*Work item*.
Output only the lines below from the one holding "Бизнес уикенд в Сочи. Фотограф Антон Никитин" down to the one holding "Aerotech Ladies Show Coat", both end lines included and every picture dropped.

----------

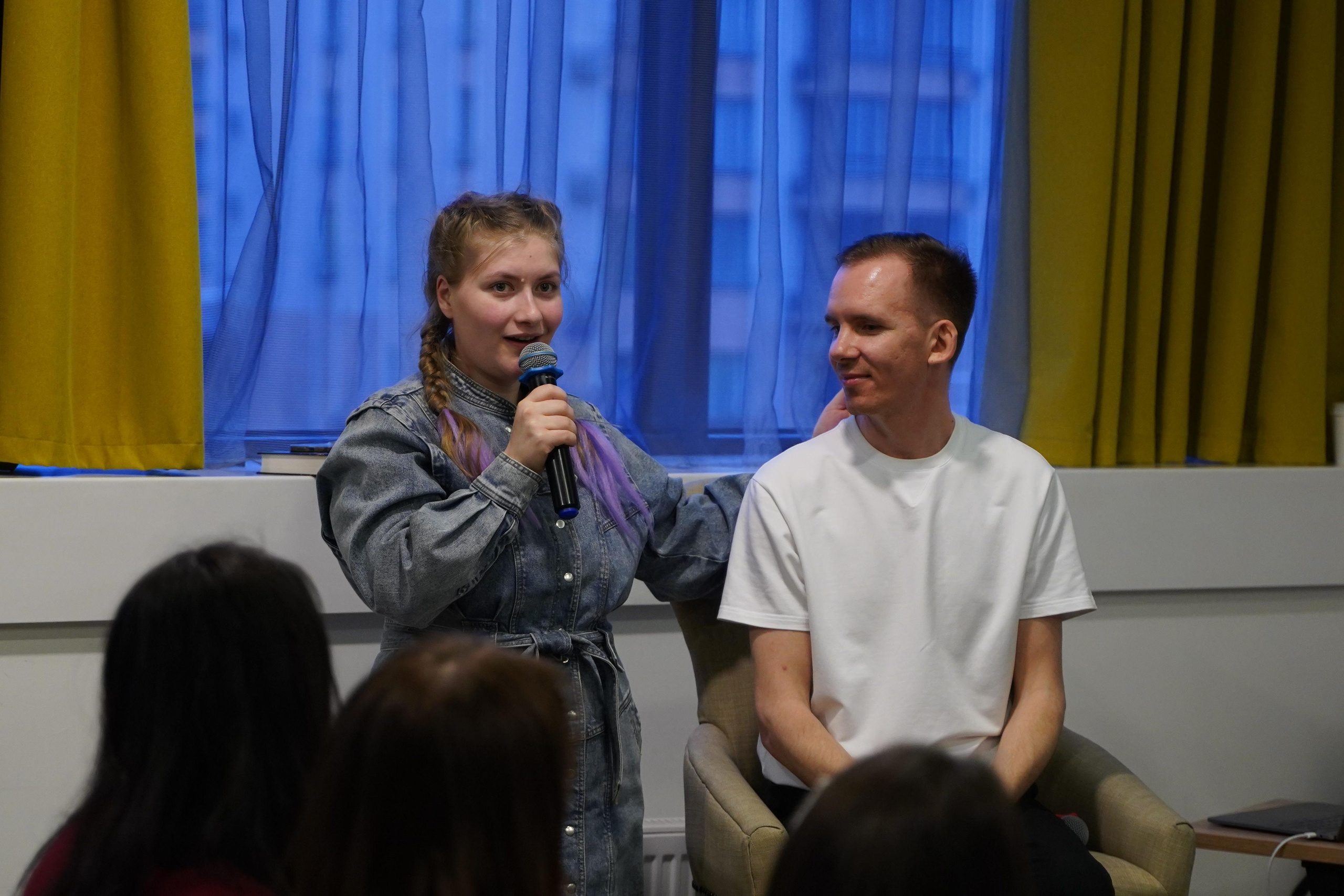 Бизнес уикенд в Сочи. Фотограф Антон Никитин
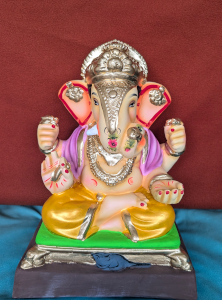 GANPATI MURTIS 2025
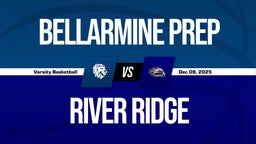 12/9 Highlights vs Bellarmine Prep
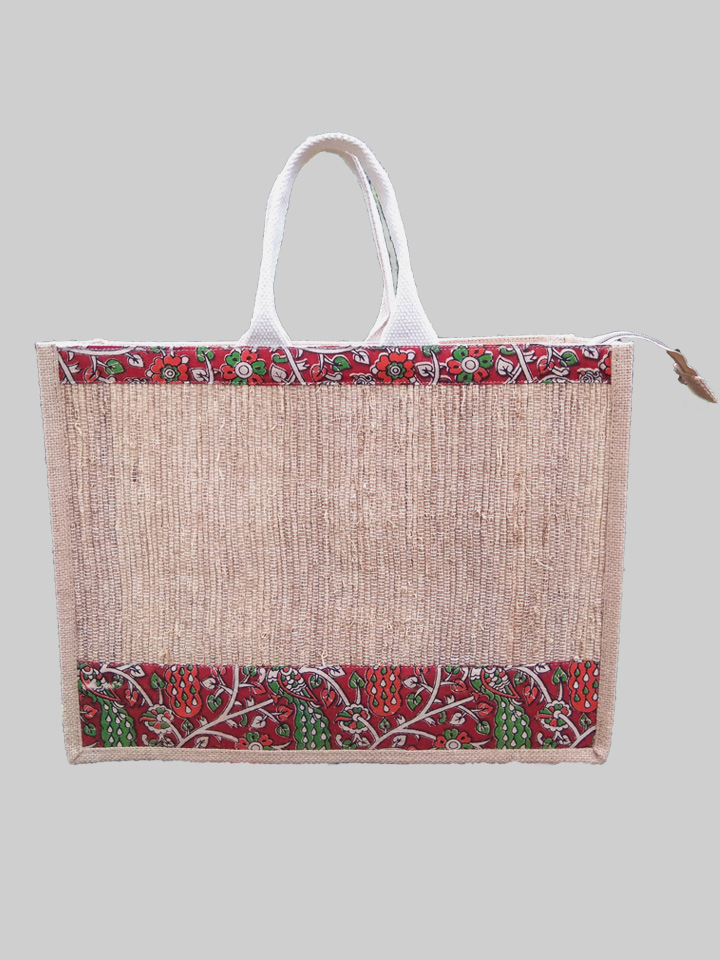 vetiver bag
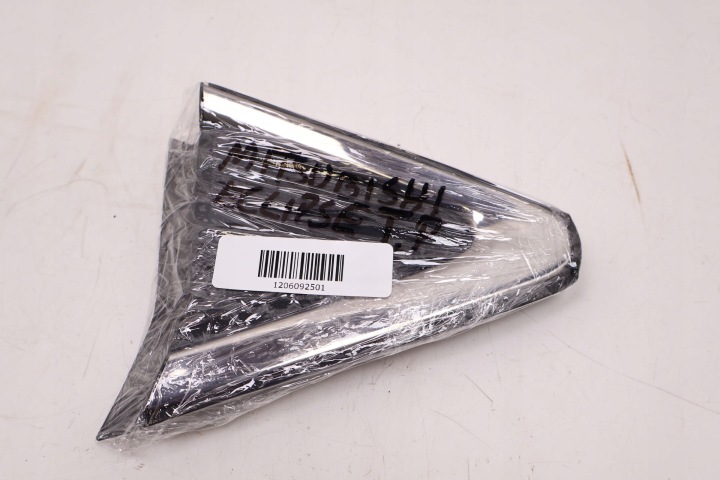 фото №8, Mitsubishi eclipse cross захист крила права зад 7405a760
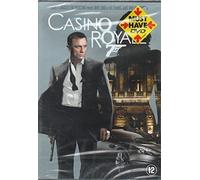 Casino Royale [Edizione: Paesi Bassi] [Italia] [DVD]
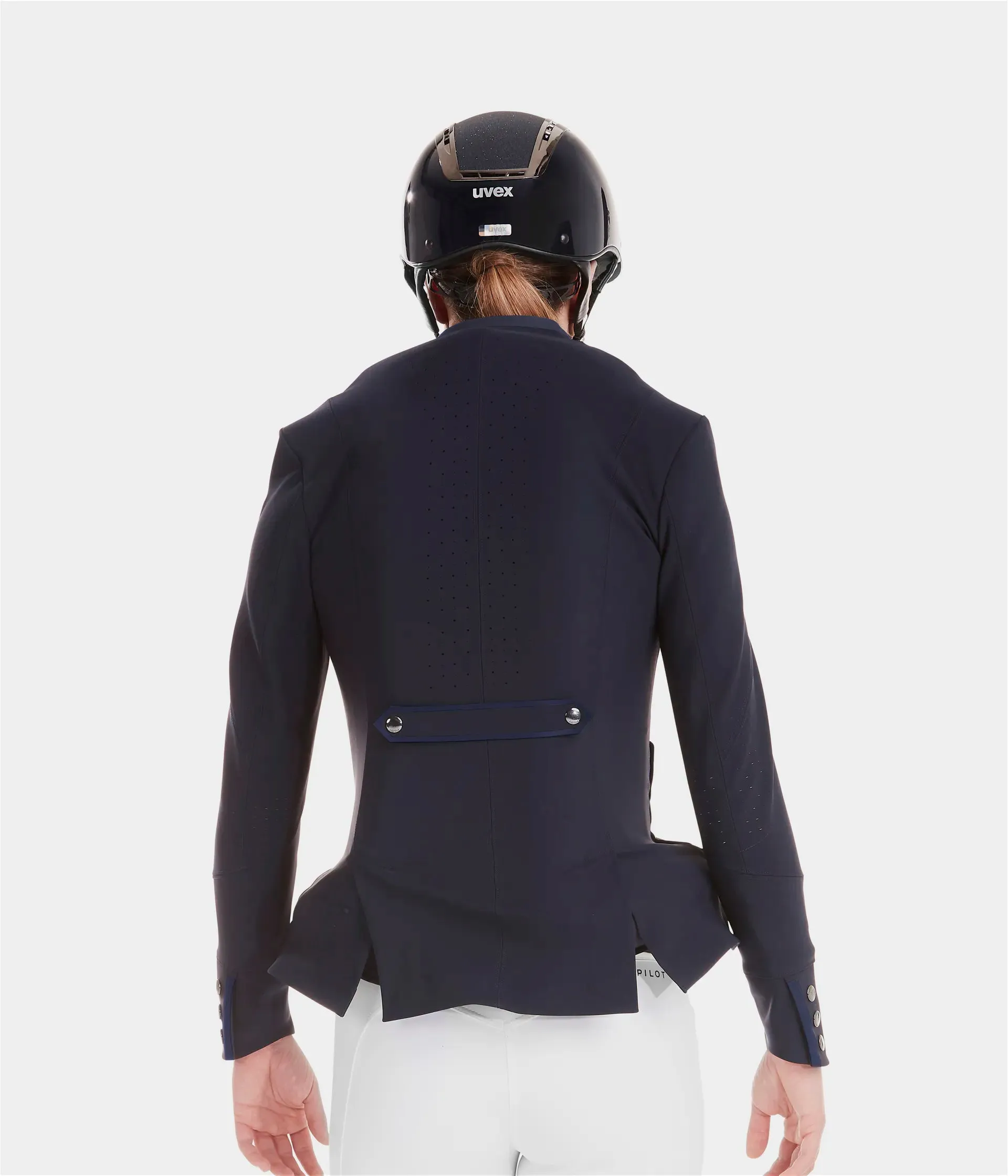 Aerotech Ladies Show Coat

----------

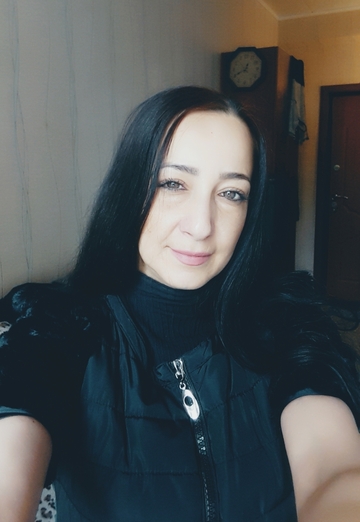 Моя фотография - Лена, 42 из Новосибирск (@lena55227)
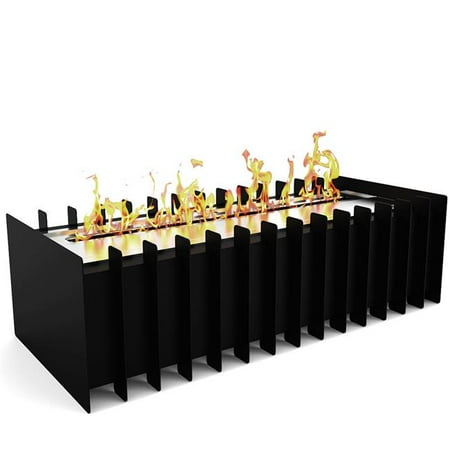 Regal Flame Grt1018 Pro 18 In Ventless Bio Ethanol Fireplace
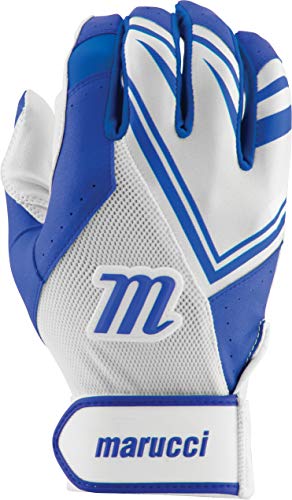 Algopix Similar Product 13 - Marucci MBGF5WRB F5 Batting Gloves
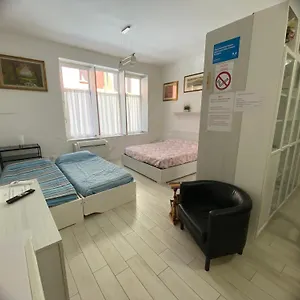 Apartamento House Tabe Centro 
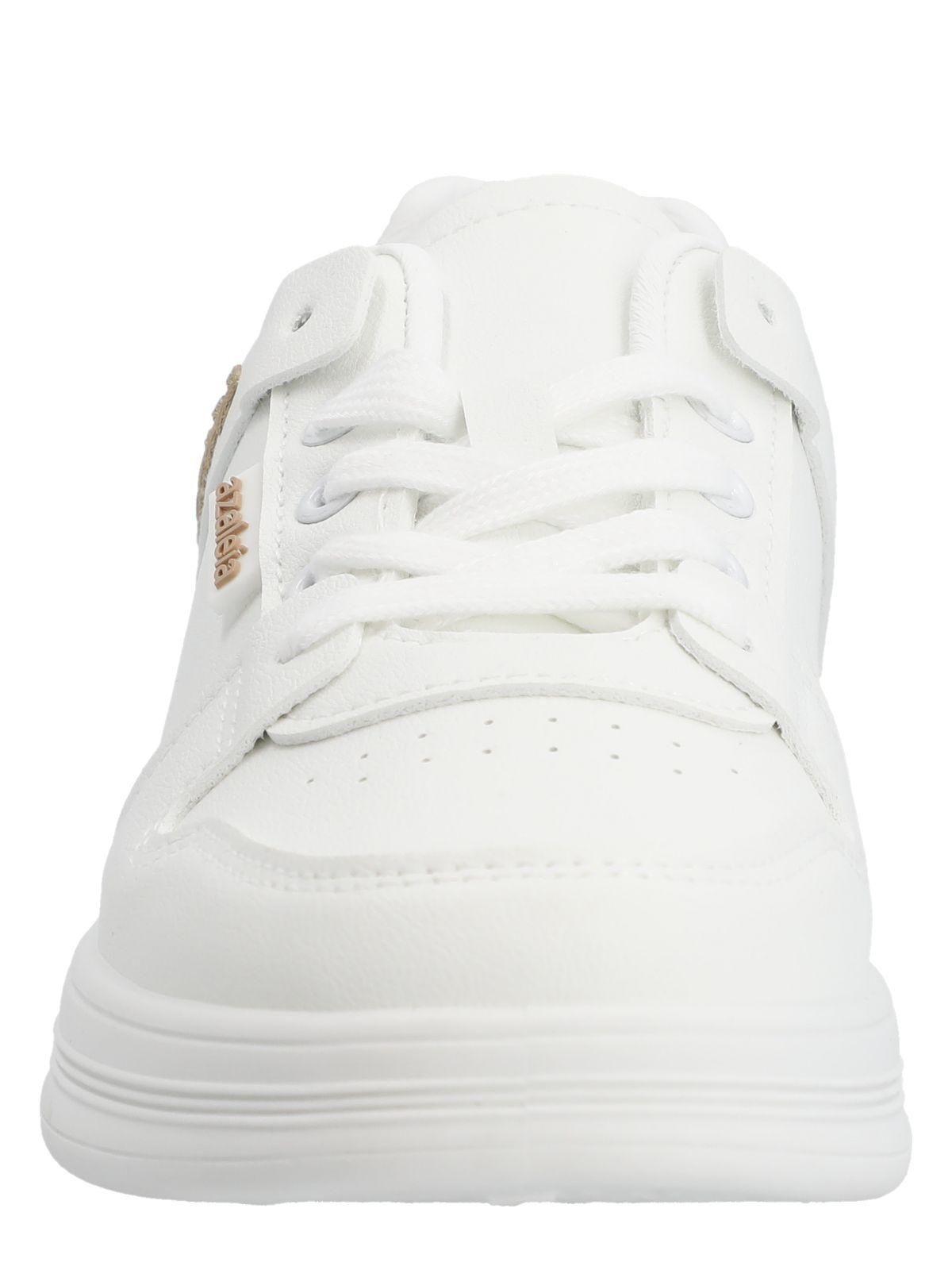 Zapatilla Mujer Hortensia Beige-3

----------

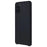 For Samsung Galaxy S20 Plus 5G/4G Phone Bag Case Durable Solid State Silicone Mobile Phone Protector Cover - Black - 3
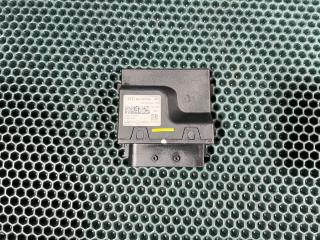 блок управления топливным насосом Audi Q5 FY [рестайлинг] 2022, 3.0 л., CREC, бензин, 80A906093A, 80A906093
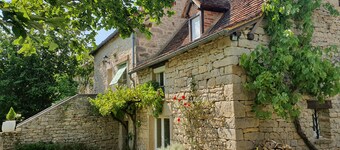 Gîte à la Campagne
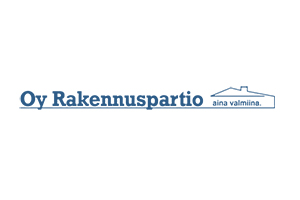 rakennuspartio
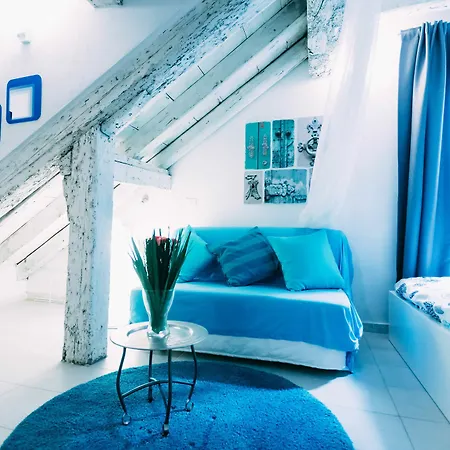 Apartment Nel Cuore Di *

----------

*Result for this task*.
 Бизнес уикенд в Сочи. Фотограф Антон Никитин
 GANPATI MURTIS 2025
 12/9 Highlights vs Bellarmine Prep
 vetiver bag
 фото №8, Mitsubishi eclipse cross захист крила права зад 7405a760
 Casino Royale [Edizione: Paesi Bassi] [Italia] [DVD]
 Aerotech Ladies Show Coat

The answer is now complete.